1) Higher Standard Deduction for Seniors

If you and/or your spouse are 65 or older, and you don’t itemize your tax deductions, you can take advantage of a higher deduction amount when you file your taxes. There is also an additional increase in standard deduction if either of you is blind.

2) Increase in Retirement Account Limits

Once you are 50 years old or older, you are eligible to contribute up to $24,500 to a retirement account and defer paying tax on those dollars. This is a great way to save while also making fiscal decisions with an inherent tax benefit.

3) Tax Credit for the Elderly or Disabled

At ages 65 and up, if you are totally or permanently disabled, you may be eligible for the Credit for the Elderly or Disabled, which is based on age, income, and filing status. In order to get the credit, you must meet the following requirements:

Your income on Form 1040, line 38 is less than $17,500 if single, $20,000 if married and filing jointly with one qualifying spouse, or $25,000 if married, filing jointly with both parties qualifying.

AND

Your non-taxable Social Security or other pensions, annuities, or disability payments are less than $5,000 (if filing as head of household OR married and filing jointly with one qualifying party), $7,500 if married, filing jointly, and both parties qualify, or $3,750 if you’re married, filing separately, and lived apart for a full year.

4) No Early Withdrawal Penalties

Once you reach the age of 59 1/2 you will not be penalized if you withdraw money from your IRA account. Prior to that age, you would be required to pay a 10% fee. Moreover, if you leave a job or your employment is terminated and you’re 55 or older, you may also withdraw money from a 401(k) without any penalties. That said, you would have to pay tax on that additional income.
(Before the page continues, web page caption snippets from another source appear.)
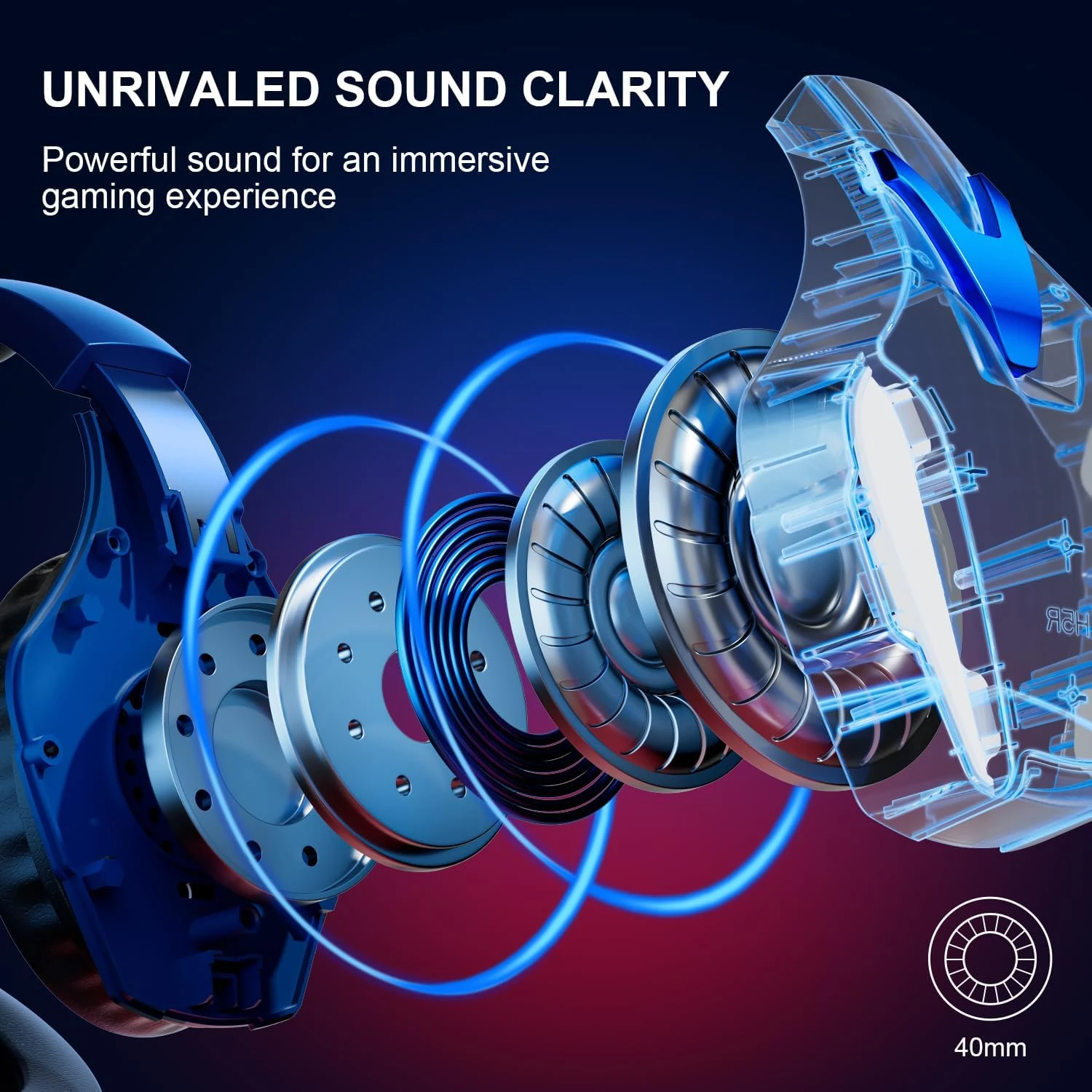 PHOINIKAS H9 Wired Gaming Headset - Blue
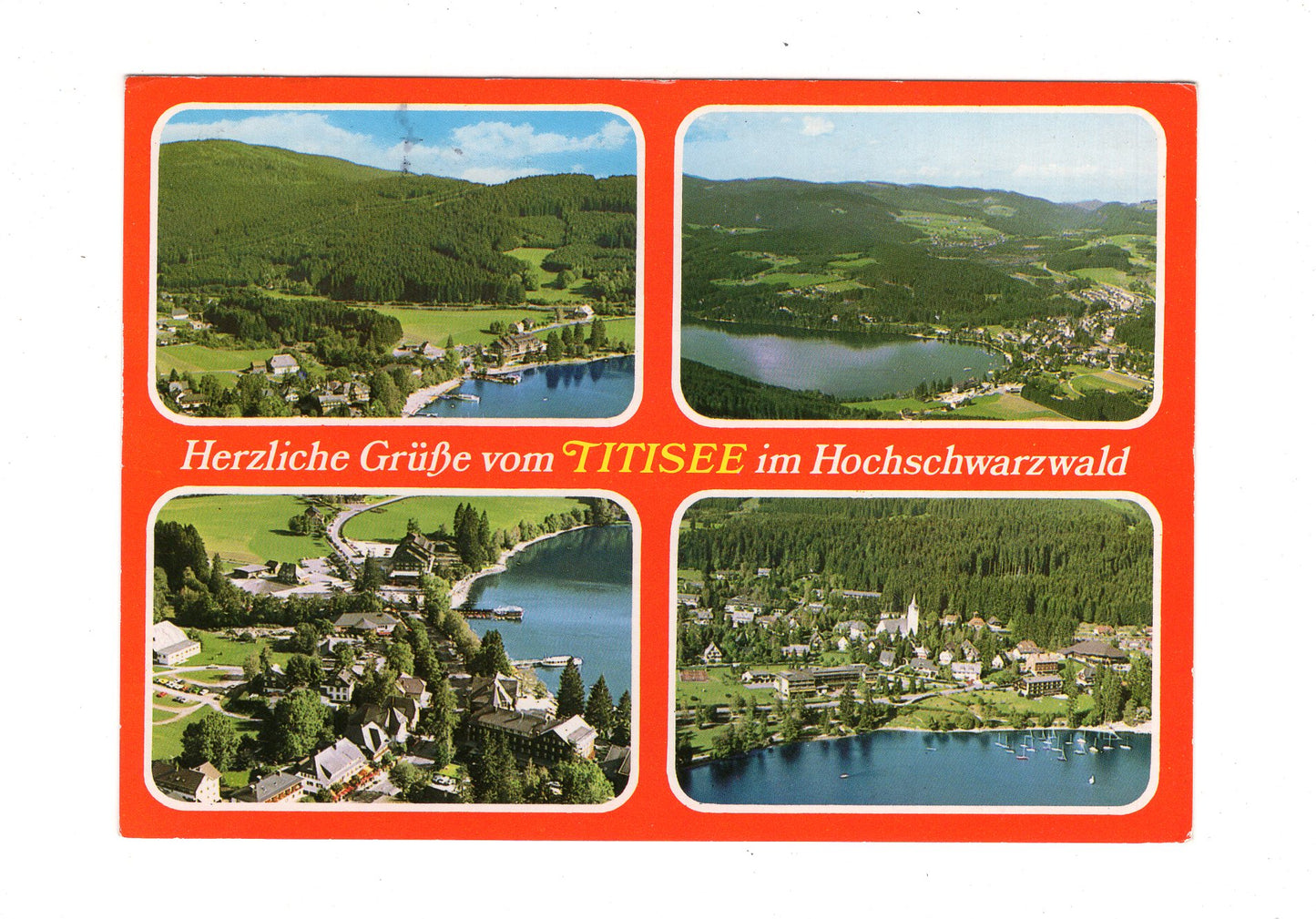 Ansichtskarte Herzliche Grüße vom Titisee im Hochschwarzwald / G1-65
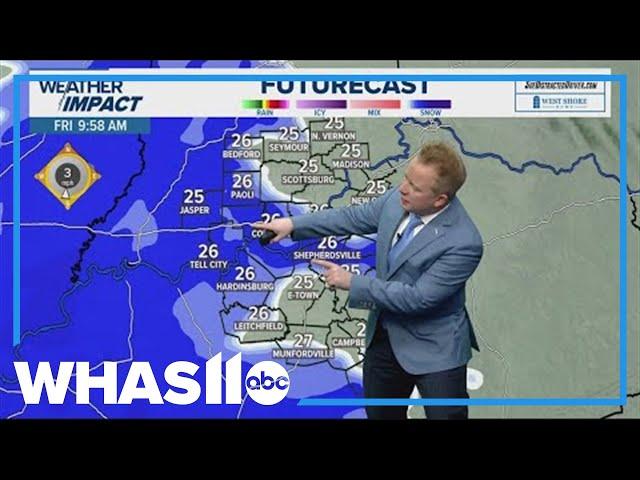 Louisville weather forecast | How much will it snow on Friday?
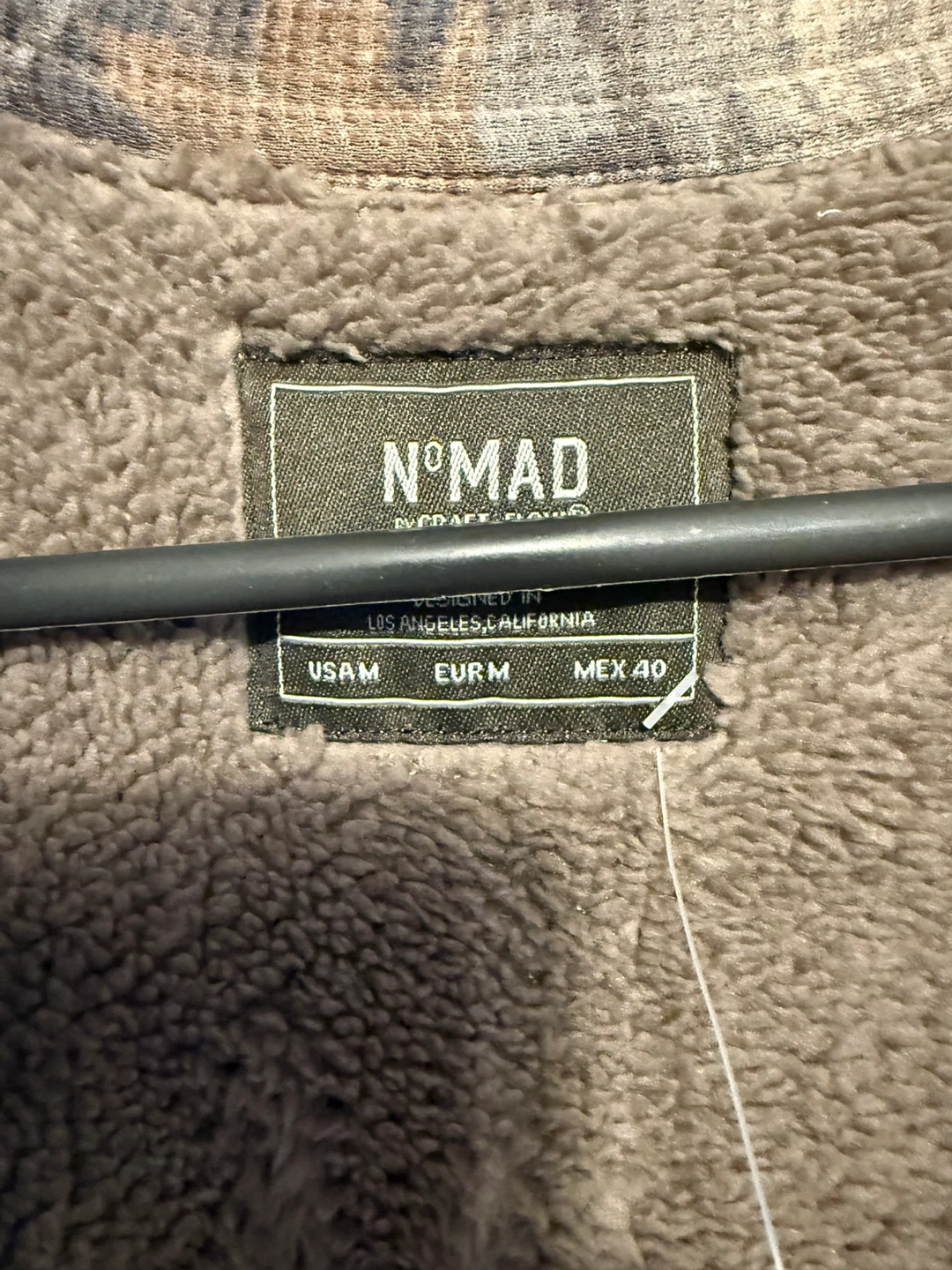N°MAD Camo Sherpa Lined Shirt Jacket - Size M - photo 2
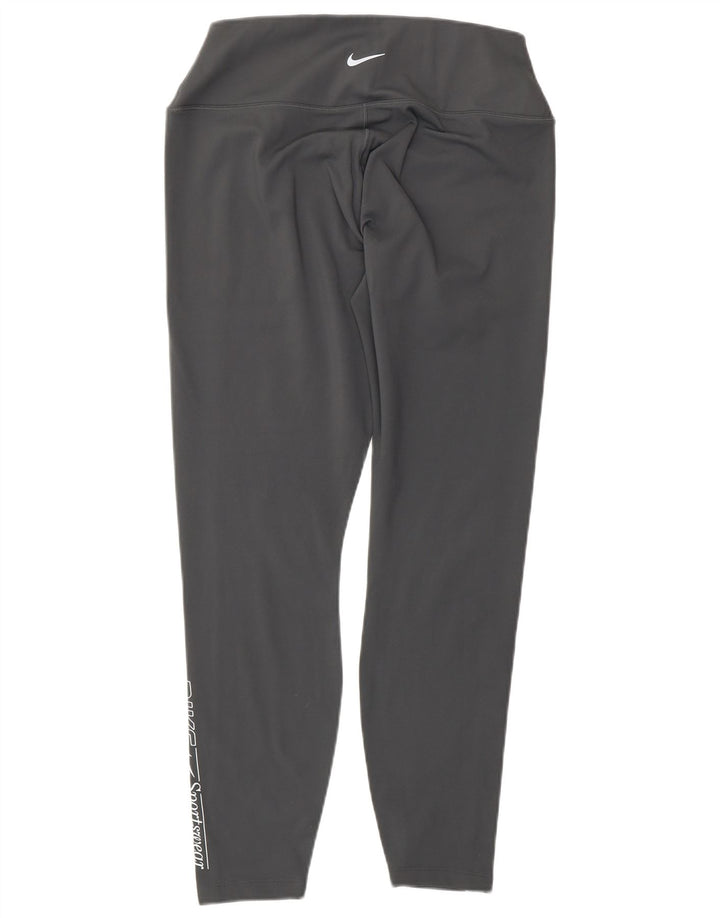 Leggings grafici da donna NIKE UK 16 grande poliestere grigio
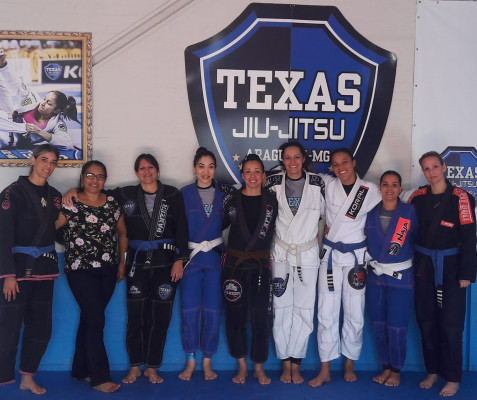 Erika e o sensei Evaldo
5) Higher Filing Threshold for Seniors

Taxpayers ages 65 and older can earn an income of $1,600 more, or $2,600 if married, filing jointly, and both parties are 65 or older, before they need to file a tax return. So what that means is that older taxpayers with an income of $13,600 or less ($26,600 if married and filing jointly), may not even need to file an income tax return at all.

No matter what your situation, we hope you find these tips helpful! Tax prep for seniors doesn’t have to be a daunting endeavor, and there are ways to ensure you get the highest possible benefit when filing your tax return.